The tip of the plastic iceberg?
“But is it really as simple as removing straws and cups?” asks the little person in your head. “Surely not” responds the other one (everyone has two...…right?). What about the less visible plastics, like those used on farms or factories, far from the consumer gaze? Just how widely are they used, and are they all so bad? Well the average astronaut on the street can answer this one. Just ask them about the ‘the plastic sea’ – 185 square miles of greenhouses in Almeria, Spain. These structures, visible from space, feed much of Europe with fresh tomatoes. It’s not just Spain though, it’s everywhere. Take plastic mulching, used extensively worldwide to increase agricultural productivity, stave off pests and weeds. In China alone it is estimated to cover 20 million hectares of land per year. Yes, million. And is it all recycled? Not really. A lot of it stays in the soil. Mmmm tasty. Enjoy those chemicals with your leafy greens.
Despite Big Food’s heroic contribution to plastic pollution, it’s undeniably an issue at smaller scales, too, where trade-offs exist. The storage sacks used by farmers to safely preserve produce and prevent aflatoxins; the crates used by market traders to protect fruit; the floats and nets used by fisherfolk to support healthy diets and sustainable livelihoods - all provide benefits while simultaneously contributing to harmful pollution.
So while consumer food and drink plastics are obviously a huge issue, this is just part of the problem. Only by taking a food systems approach can we understand the widespread use of plastics across value chains, from ‘farm to flush’. And only with this broader view can we understand the horizonal impacts of food system plastics for human health, the environment and food security – both beneficial and harmful. Without this cross-cutting evidence base, efforts to rapidly remove or replace plastics could cause unforeseen problems. The unintended consequences of well-intended policies could do more harm than good.
In search of evidence: Benefits and harms
To address this we conducted a largescale systematic scoping review of research from the last 20 years, to look for gaps and concentrations of evidence across the food system. In doing so we discovered a large and imbalanced scientific landscape, almost half of which was generated by five countries - China, USA, India, Spain and Italy. Our findings suggest that intricate trade-offs may need to be better understood and navigated as the world confronts the plastic problem and transitions towards circular food systems.

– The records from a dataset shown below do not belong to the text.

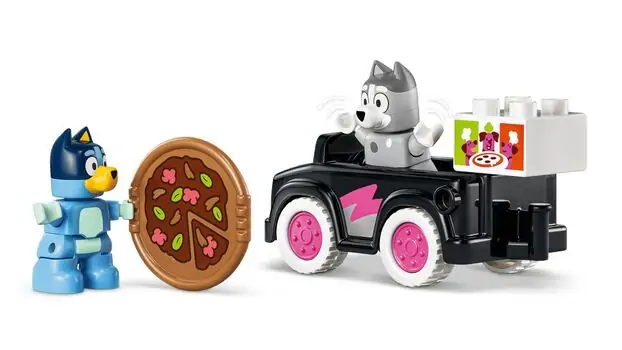 Lego Duplo 10469 Pizza Girls with Muffin and Bluey, 3 image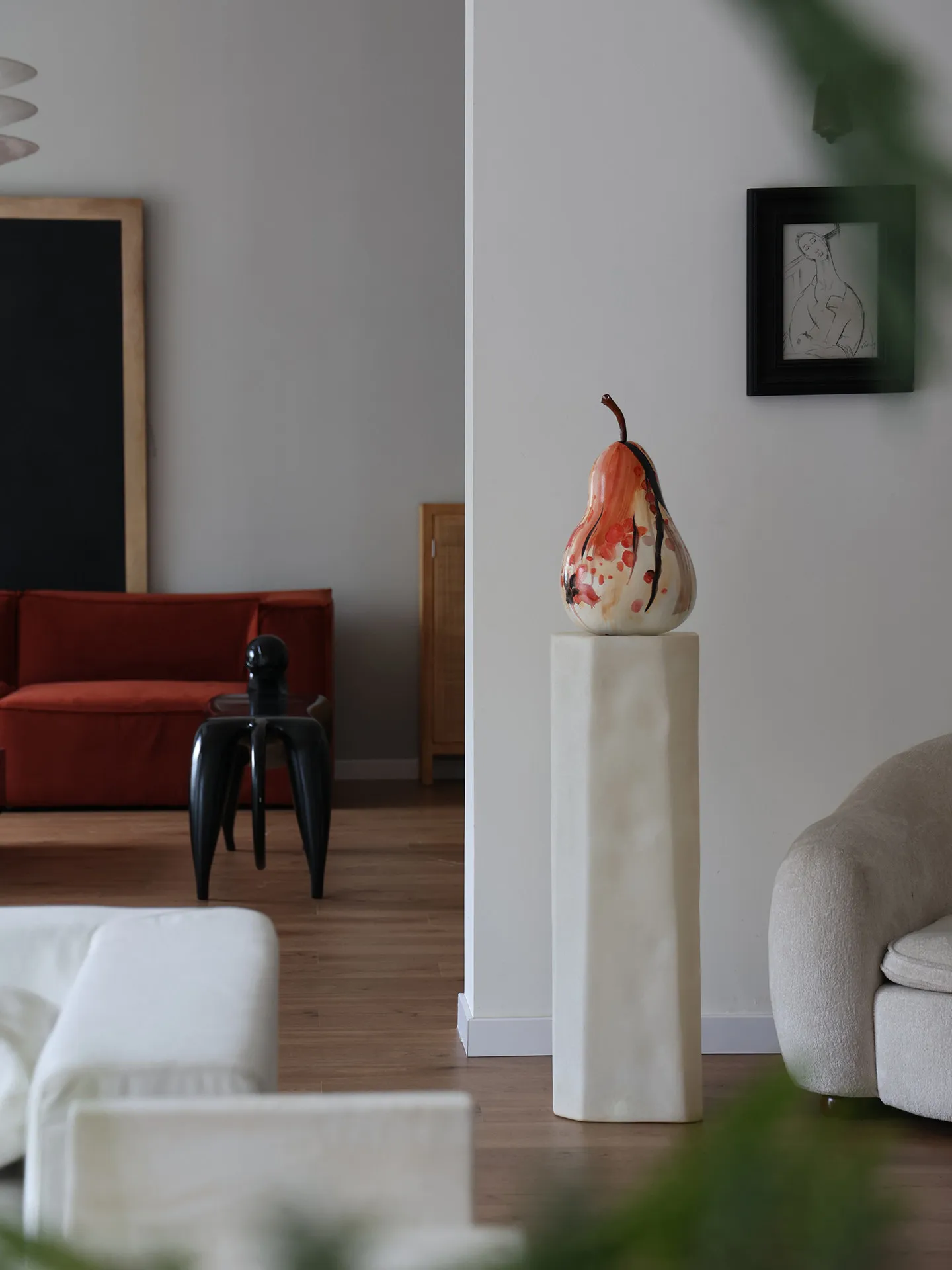 Modern Luxury Hand-painted Texture Fiberglass Pear Sculpture Creative FRP Fruit Statue Abstract Art Ornament For Hotel Villa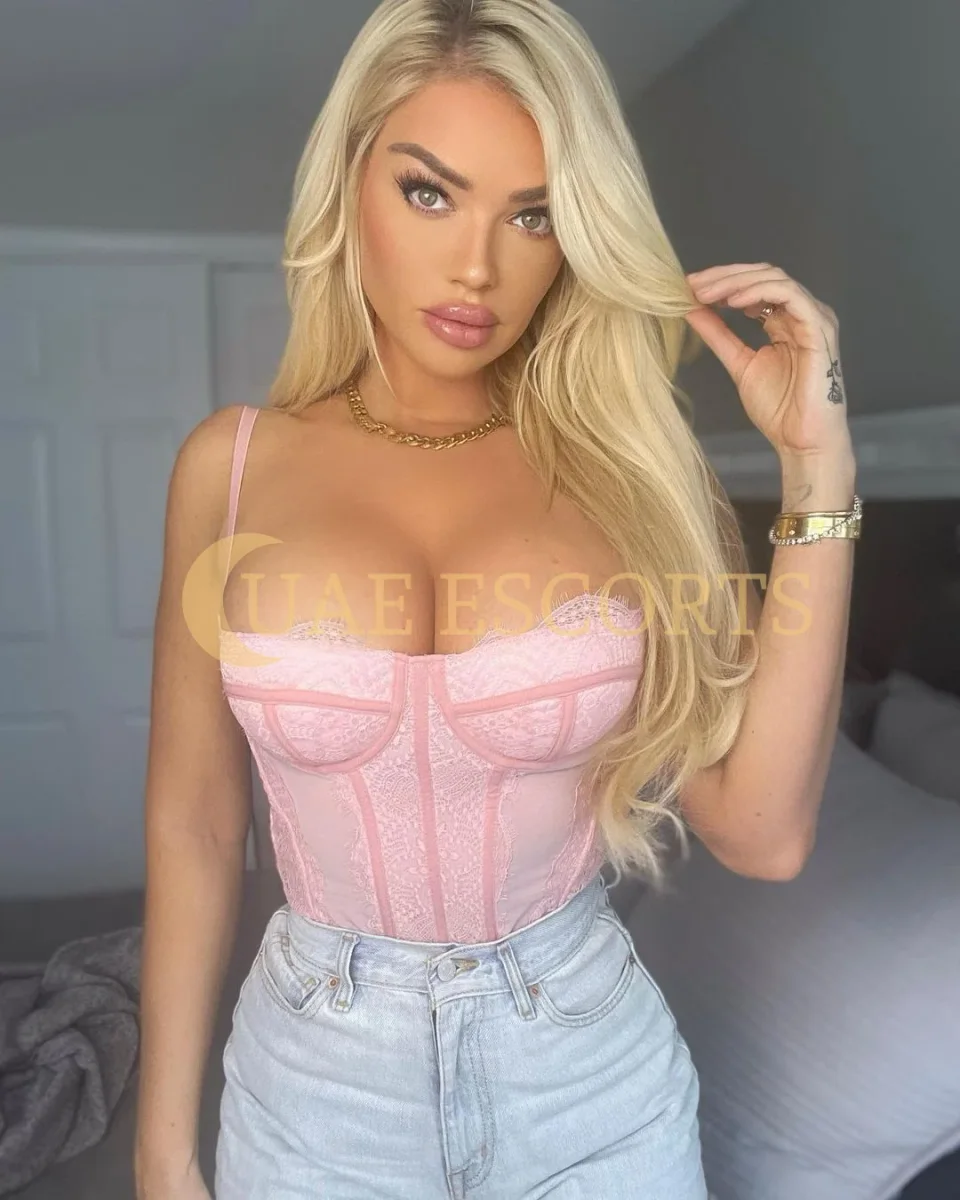 Evangelia photo 1 in Utrecht: 26 years old, european, slim, blonde hair, 167 cm, 54 kg, Large bust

We found sizeable bodies of research – for instance around agricultural plastics such as mulch, greenhouses and tunnels, as well as plastics used for storage and packaging. Yet equally sizeable gaps. Despite their emblematic status in prevailing discourse, we found little research on plastic cutlery, straws and coffee cups, highlighting how public debate may be out of step with research agendas. Environmental concerns are clearly an important driving force in public policy debates on this issue, but we found far more evidence relating to human health and food security outcomes.
This review suggests that urgent work is needed to assemble data in a way that is helpful for decision making. New evidence is also required to plug critical gaps, particularly in low-income settings where populations may be far more vulnerable to sudden policy changes. We need to get better at working across disciplines and sectors to collaborate around food system plastics, so that evidence from environmental sciences can be balanced against that from public health, economics and food security, and probably more. Exciting new prospects do exist in the material sciences and engineering, with rapid advances in bio-plastics and recycling techniques, as well as promising new innovations in circular economy strategies such as deposit-return schemes and the application of blockchain technology. But there is a huge distance to go and turning the plastic tanker around requires both momentum and careful navigation.